Task directions:
Output the entries exactly as they appear. Pictures should not be included.

Data extracts:
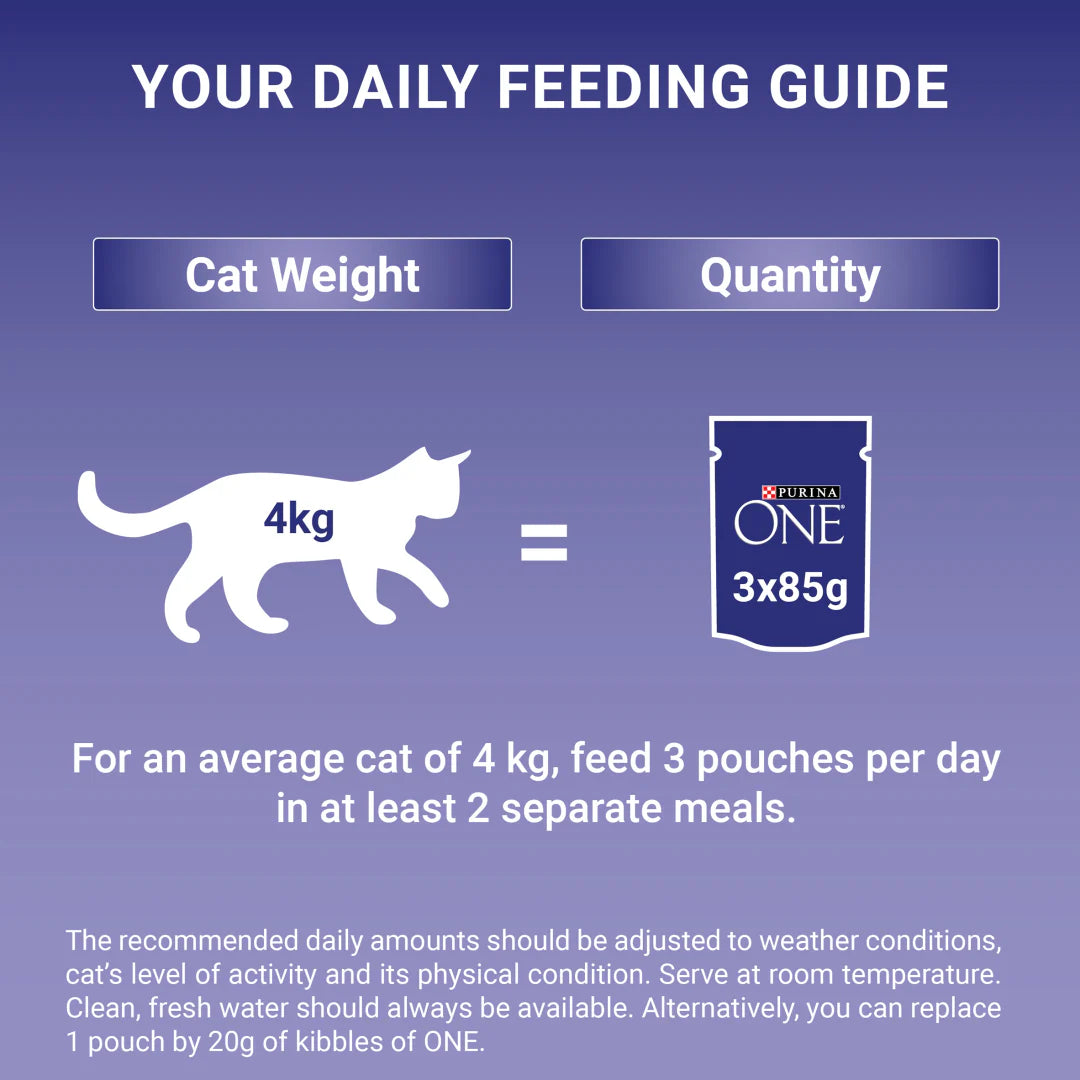 Purina One Adult Mini Fillets Mixed Selection in Gravy Wet Cat Food 40 x 85g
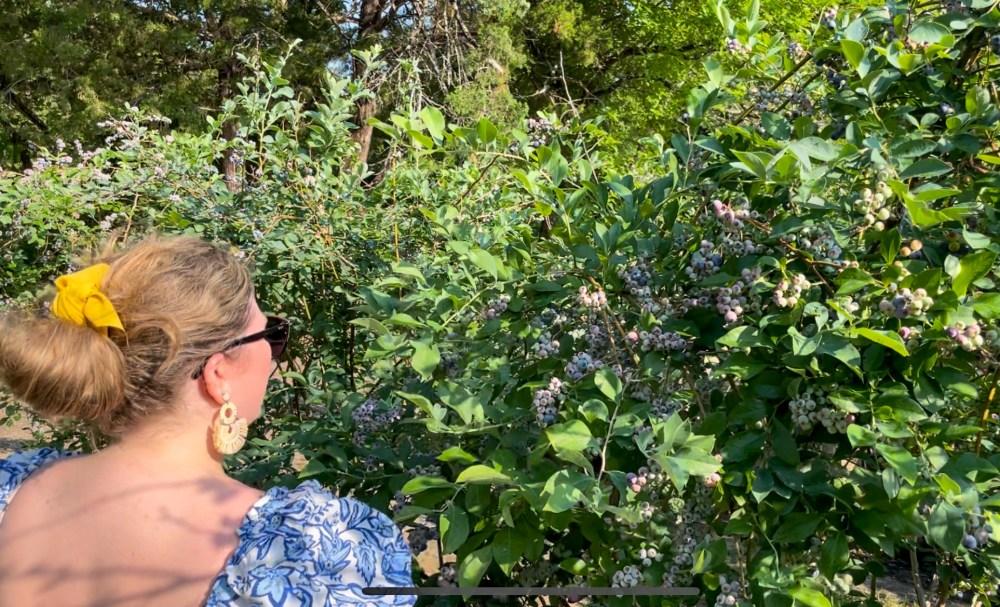 Blase Family Farm Blueberries
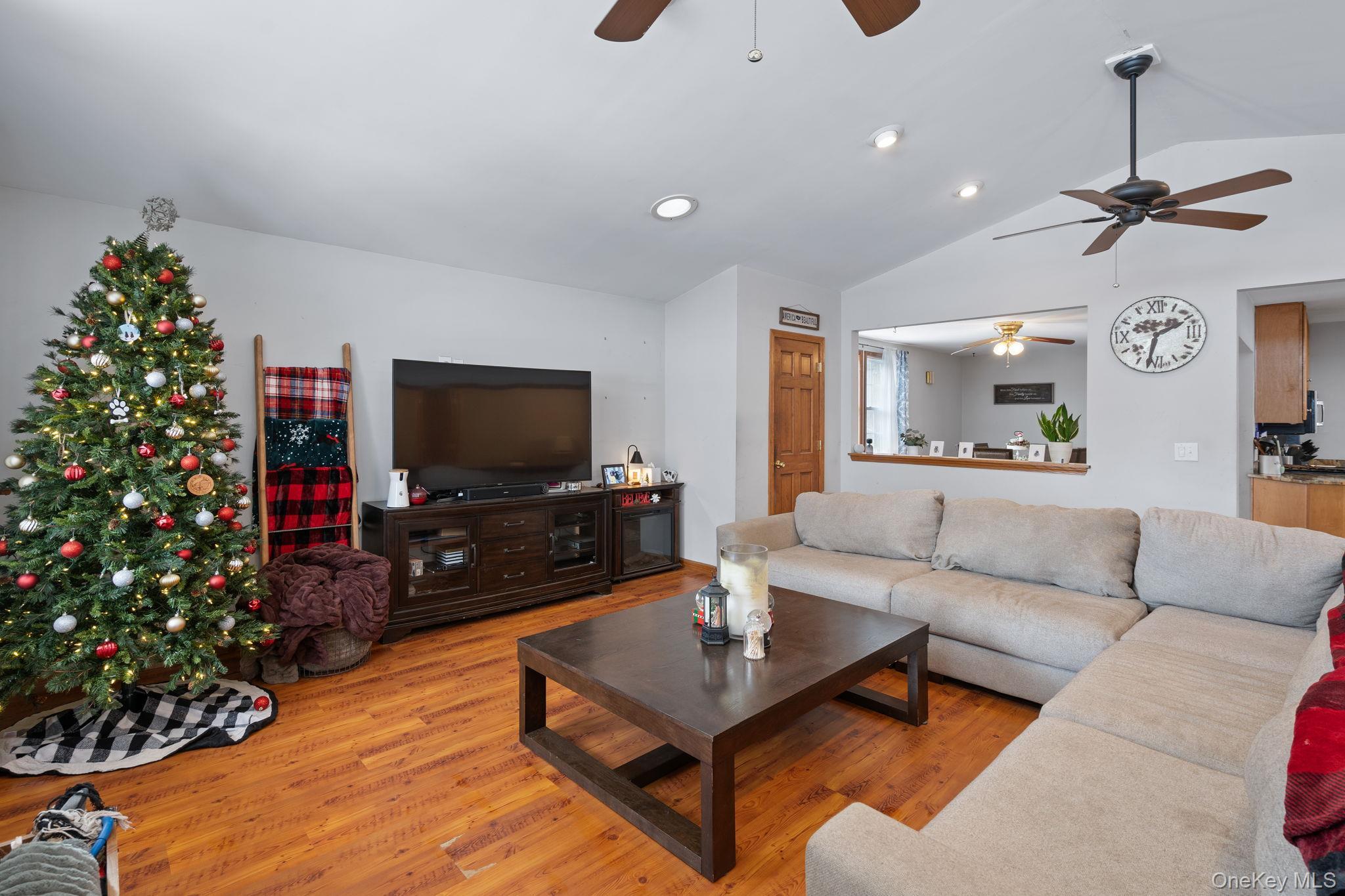 Single Family John  Orange County, NY 12543, MLS-950169-13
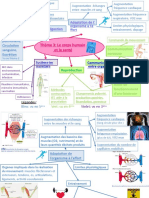 Carte Mentale 3è Th3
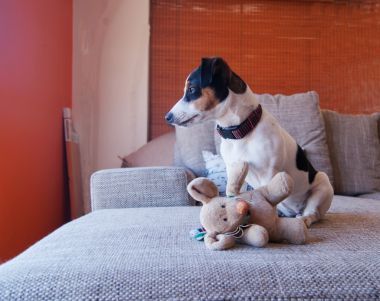 小狗在沙發(fā)上用玩具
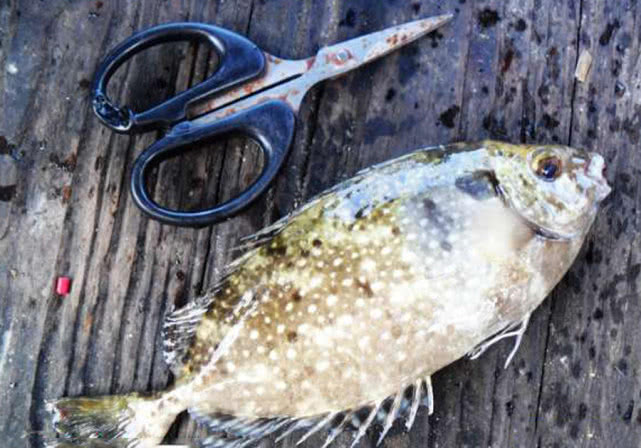 海边一种小不丁点大的泥猛鱼,刺得龇牙咧嘴,腹内有一股特殊的臭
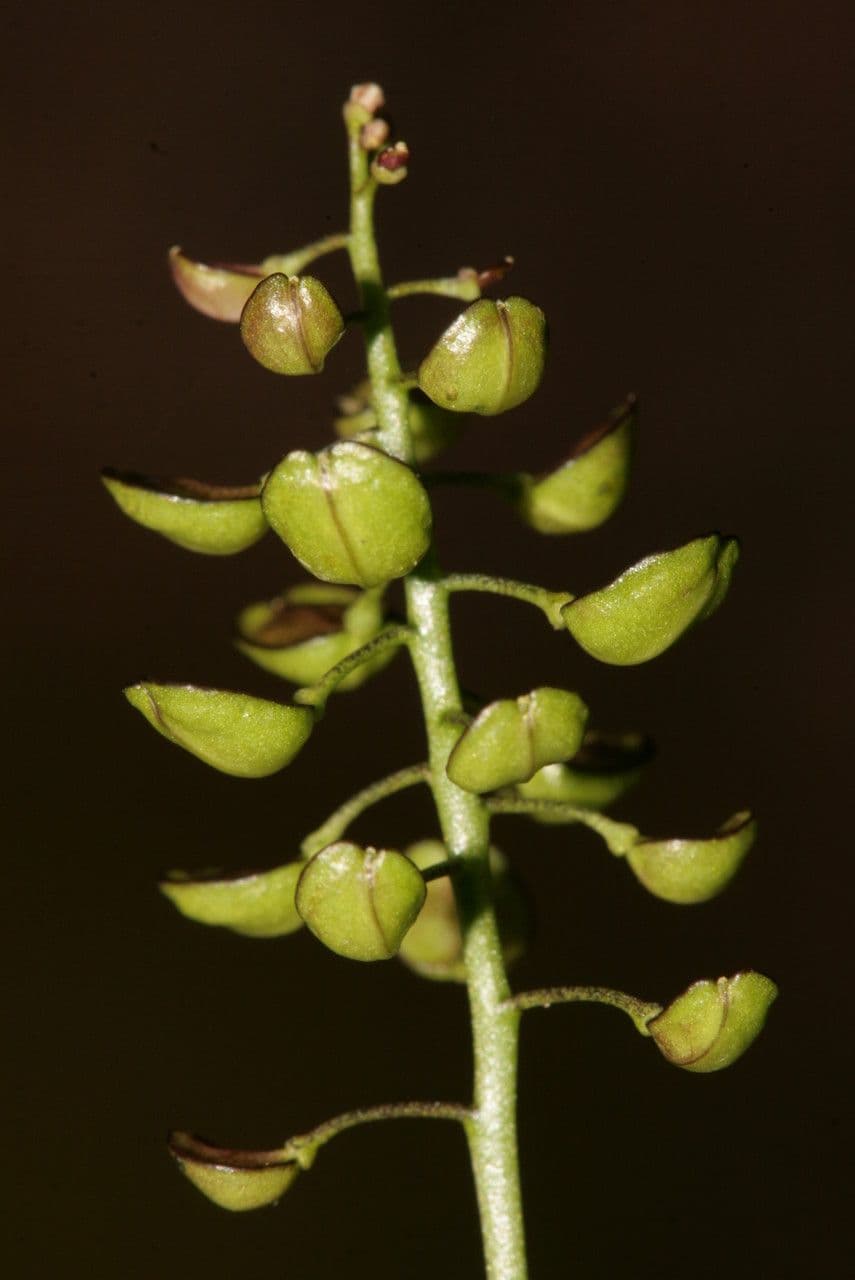 Teesdalia coronopifolia 3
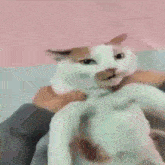 a person is holding a white cat on their lap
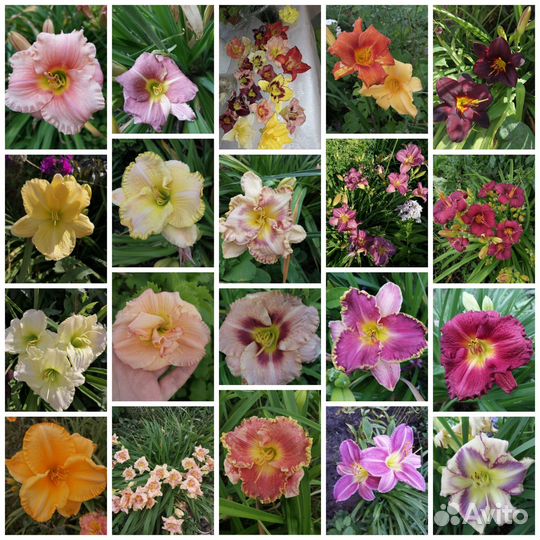 Лилейник Дестин Ту Си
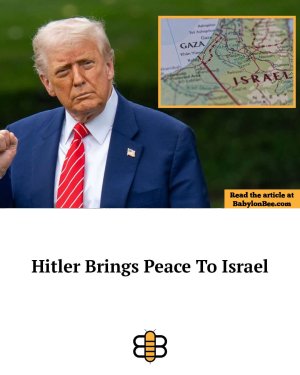 1000000800.jpg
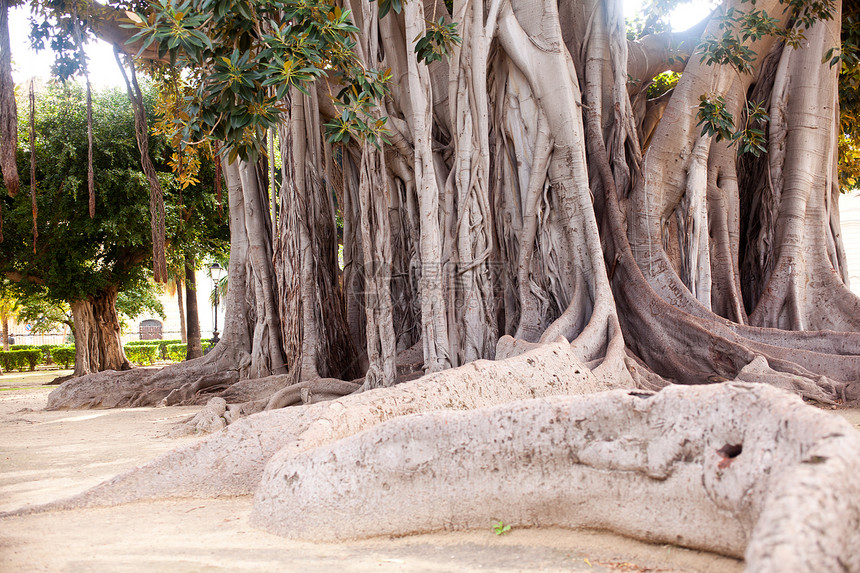 巴勒莫大树生长地面植物群植物异国分支机构热带环境植被起因图片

Solution:
 Purina One Adult Mini Fillets Mixed Selection in Gravy Wet Cat Food 40 x 85g
 Blase Family Farm Blueberries
 Single Family John  Orange County, NY 12543, MLS-950169-13
 Carte Mentale 3è Th3
 小狗在沙發(fā)上用玩具
 海边一种小不丁点大的泥猛鱼,刺得龇牙咧嘴,腹内有一股特殊的臭
 Teesdalia coronopifolia 3
 a person is holding a white cat on their lap
 Лилейник Дестин Ту Си
 1000000800.jpg
 巴勒莫大树生长地面植物群植物异国分支机构热带环境植被起因图片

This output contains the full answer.